Fitness and Strength

[The chair on the left is for chair yoga. It is designed to keep you sitting up tall and straight. It works. It is the most uncomfortable thing I have ever sat on other than a bicycle seat. I no longer have the padding down there to be comfortable. We play tai chi in the stuffed chair with arm rests. Some people almost go to sleep. Similar chairs are used in the dining and activity areas.]

The fitness program at Provision Living at Columbia has now developed into physical therapy, tai chi, chair yoga, and strength training in free daily classes and open gym with an instructor. Individual workouts can be done in our apartments and the gym after necessary instruction. (The staff from the paid physical therapy and occupational therapy conduct part of these classes.)

I have learned some common rules that make exercising safe and productive over the past three years. There is no need to waste time and money on activities that are not productive and can even be harmful.

This all started for me on an early spring day in Walmart before we were gardening. I squatted down to see something on a bottom shelf and could not get back up! I called for my wife to push the cart over so I could climb up on it. I then invented an exercise that mimicked standing up from the floor with the aid of a support. In just a couple of weeks, I could stand again without the support. Walking a mile a day seemed to have no effect here; different muscle groups.

Physical therapy classes practice muscle groups needed in common body movements with an emphasis on fall prevention.

Tai chi and yoga are stretching exercises that start with your present abilities. If an activity hurts, stop. Don’t make matters worse. Hold the position for your body to “catch up” (stop hurting) and then relax.

Strength training is a scaled down version of the “grunt and grown” we all associate with gym exercises. Now the emphasis is on maximizing strength rather than growing muscle mass (slow relaxation rather than maximum effort).

All four approaches to fitness involve stretching selected muscle groups. Physical therapy practices common body movement. Tai chi and yoga can select one muscle group at a time including those we rarely use.

It was with tai chi and yoga that I discovered muscle groups that were the cause of my severe back pains. Then stretch to the maximum or until it hurts. Stop for a few seconds. Relax. Repeat 3-5 times. Go to the next exercise.

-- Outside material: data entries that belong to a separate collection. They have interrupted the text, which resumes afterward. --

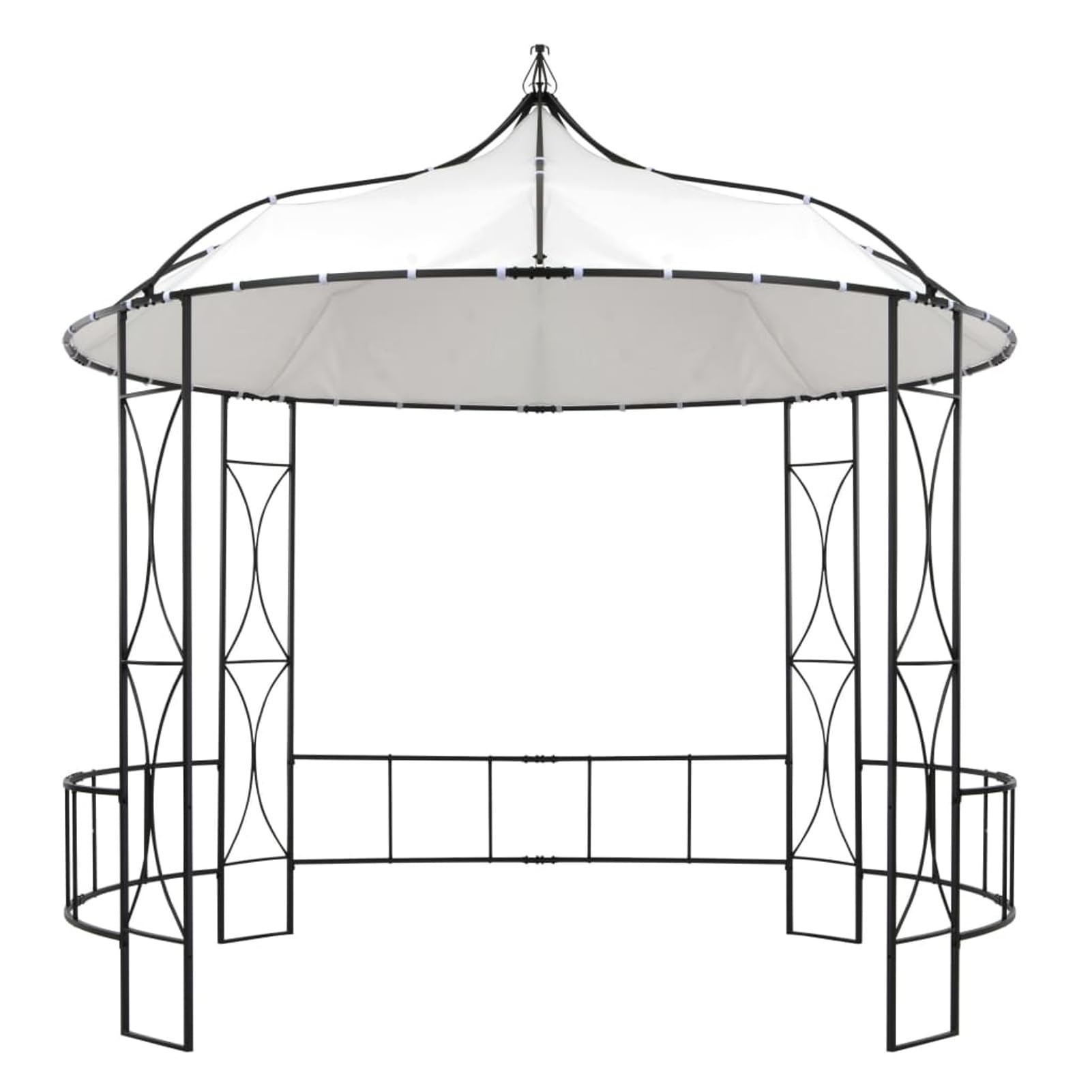 JUDYY Pavillon, Gartenpavillon, Pop-Up Partyzelt, Festzelt, Pavillon, Garden Decoration, Canopy Tent, Lagerzelt, 300 x 290 cm Weiß Rund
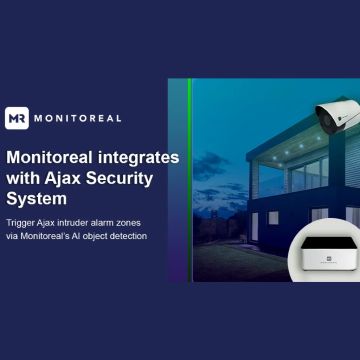Η Monitoreal ανακοινώσει την δυνατότητα ενοποίησης με το δημοφιλές και αξιόπιστο σύστημα συναγερμού Ajax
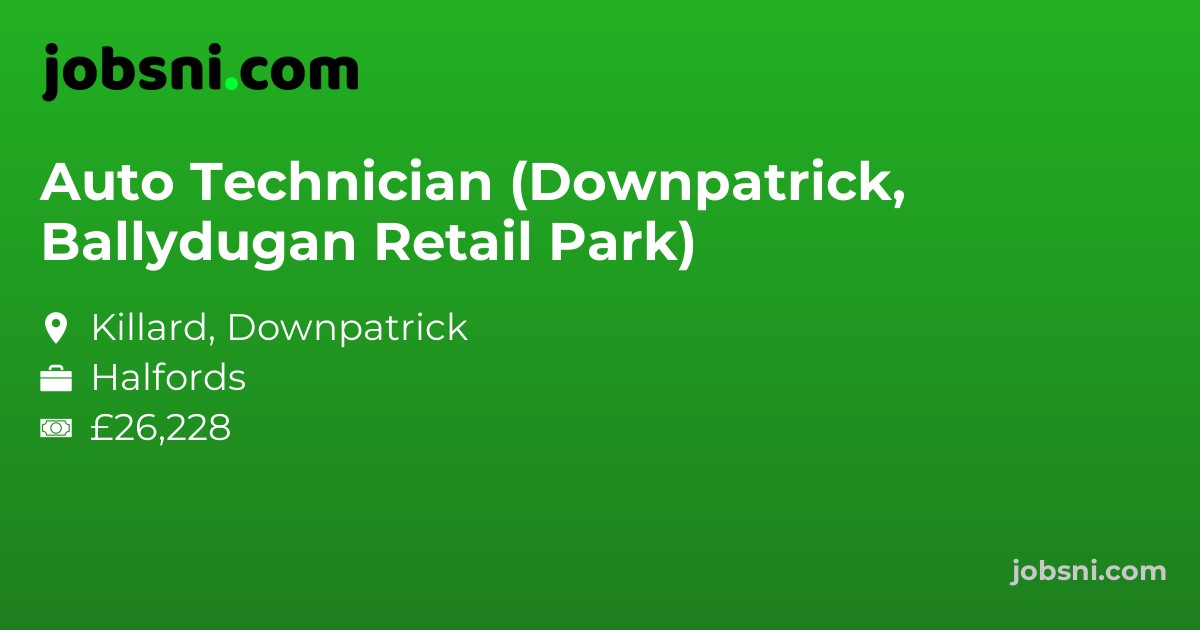 Auto Technician (Downpatrick, Ballydugan Retail Park)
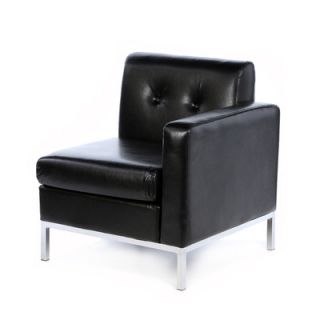 Castleton Home Right Facing Club Chair CX1124 Color Black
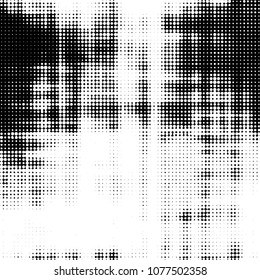 Vintage halftone monochrome dots texture background. Spotted vector Abstract Texture
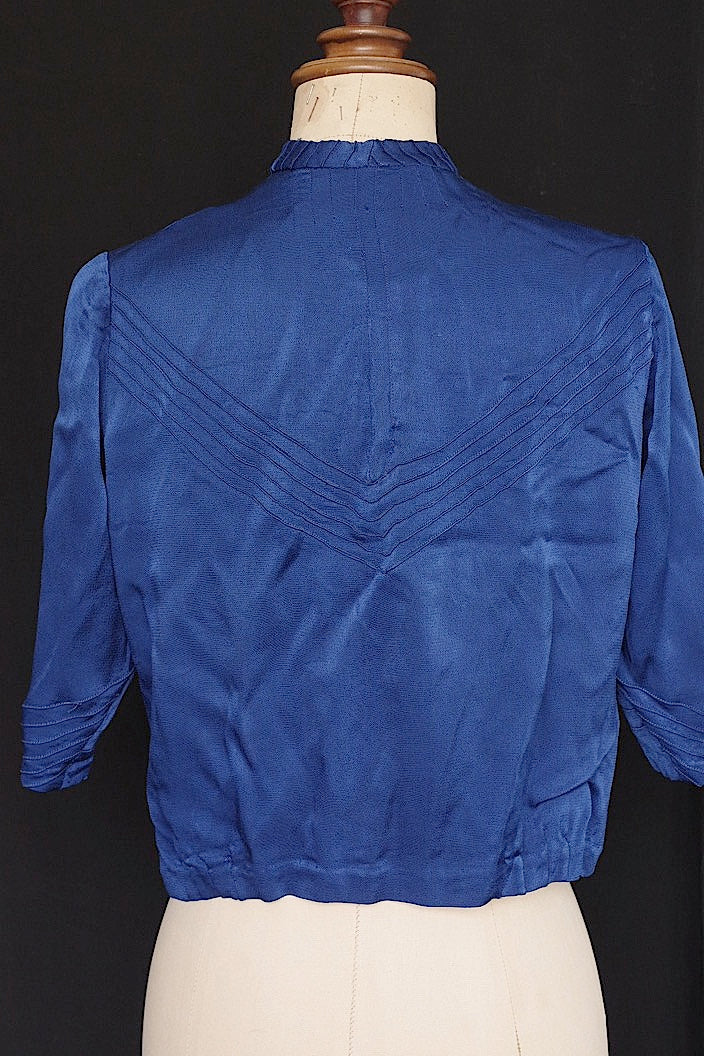 vêtement vintage ヴィンテージブラウス ブルー .FR a l'epoque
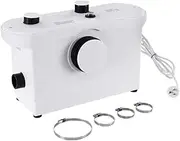 Giantz Dirty Water Pump, 600W 230V Macerator Sewerage Toilet Sewage Pumps Controller Irrigation Install Bathroom Sink Kitchen Bath Sealand, Automated Operation Anti-rust Stainless Steel White
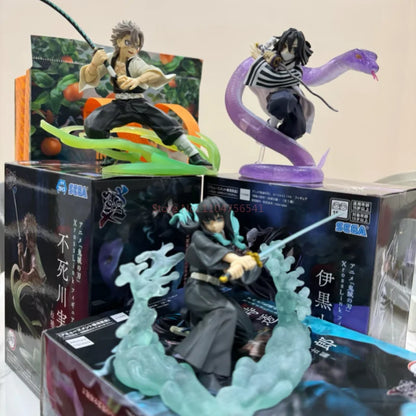 Demon Slayer Xross Link Figure: Muichiro Tokito, Obanai Iguro, Sanemi Shinazugawa - Hashira Training Arc Anime Collectible 11-14cm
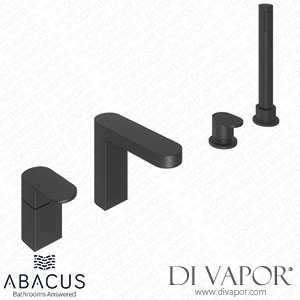 Abacus TBTS-055-3204 Ki Matt Black 4 Hole Bath Shower Mixer Tap Spare Parts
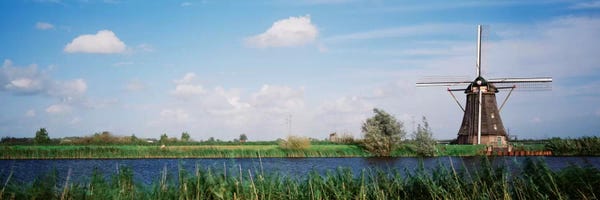 Watermills & Windmills: Traditional Dutch Windmill, Netherlands by Panoramic Images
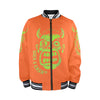 Unsex Striped Trim Bomber Jacket Halloween Collection  CASH FACE Bomber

[The key to success is to fully stretch without hurting, pause several seconds, and relax. Just gliding through the motions does not work.]

We do not learn to play the piano by repeating the same 4 notes endlessly. We learn by playing music. Tai chi and yoga have hundreds of exercises imbedded in stories (music) with strange sounding and impossible to remember names.

It still amazes me how effortlessly these movements can produce the effects they do. I can now do most of these (stretch) until my muscles tremble without hurting. In the past week my back pain has been reduced to a numb spot on the lower right side. That is how this back pain event started about five years ago.


Strength training should increase my strength and reduce the muscle trembling. Residential care eliminates the exercise found in normal daily household and gardening activities. Periodic practice in open gym and in our apartments should replace these activities with an activity that also fills time for many people.